B. Metodologi Dalam penyusunan makalah ini, penulis melakukan langkah-langkah metodologis dengan mengunjungi tempat ibadah atau klenteng warga Tionghoa di Besuki. Dan mewawancarai seorang penjaga klenteng mengenai keadaan saat ini tentang hubungan masyarakat Pandhalungan dan etnis Tionghoa. Penulis juga mencoba mengkaji studi literatur mengenai sejarah konflik antara etnis Tionghoa dan masyarakat pandhalungan serta penyebab yang melatar belakanginya, dan mencoba mencari informasi atau dokumen melalui internet untuk mengumpulkan fakta awal dan peta persoalan makro. Kemudian analisis terhadap hasil temuan tersebut kedalam teori-teori konflik, untuk kemudian mengetahui potensi dan kedalaman konflik, serta unsur-unsur konflik laten yang melekat saat ini.

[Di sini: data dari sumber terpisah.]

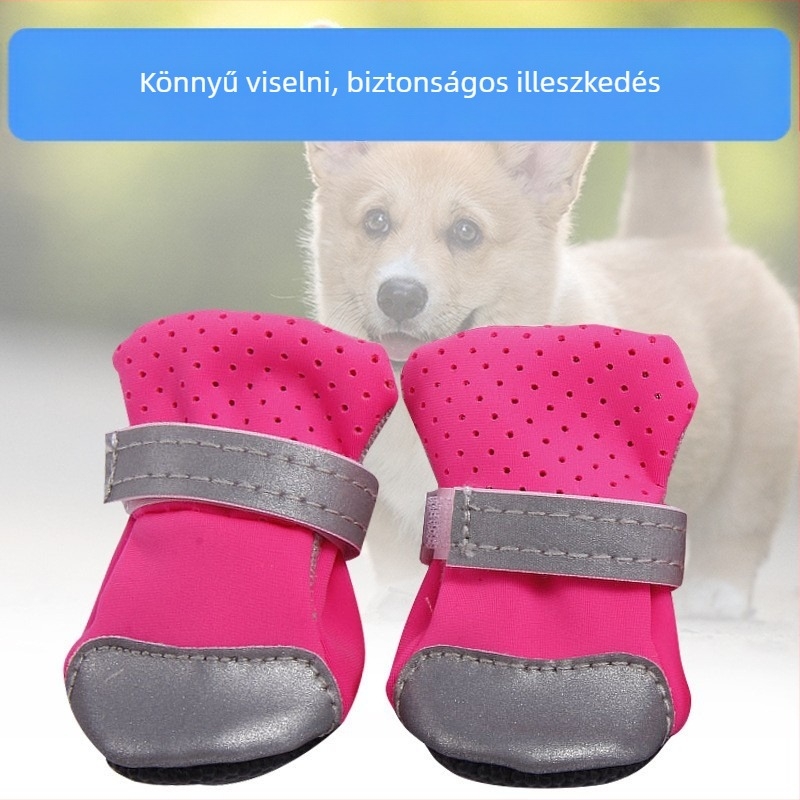 PU kutya cipő | Youbaolong | Kopásálló | Szabadidős stílus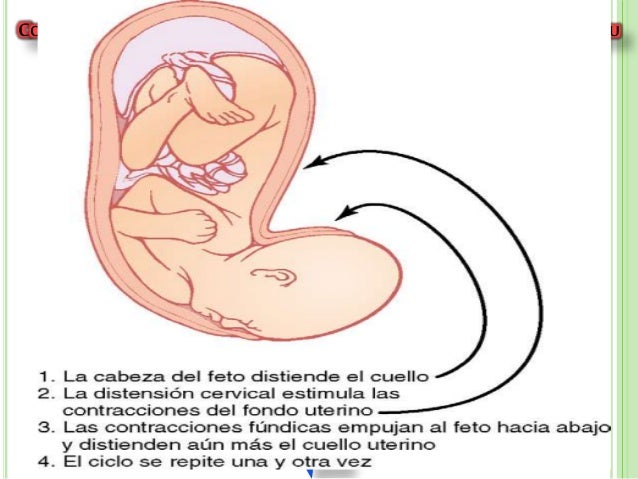 El dolor agudo en los riñones el medio público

C. Analisis 1. Masyarakat Pandhalungan Disebut masyarakat pandhalungan karena masyarakat tersebut berbudaya baru, yang proses terbentuknya melalui percampuran dua budaya dominan yakni budaya Jawa dan Madura. Secara administratif, kawasan kebudayaan pandhalungan meliputi

174

Prosiding The 5th International Conference on Indonesian Studies: “Ethnicity and Globalization”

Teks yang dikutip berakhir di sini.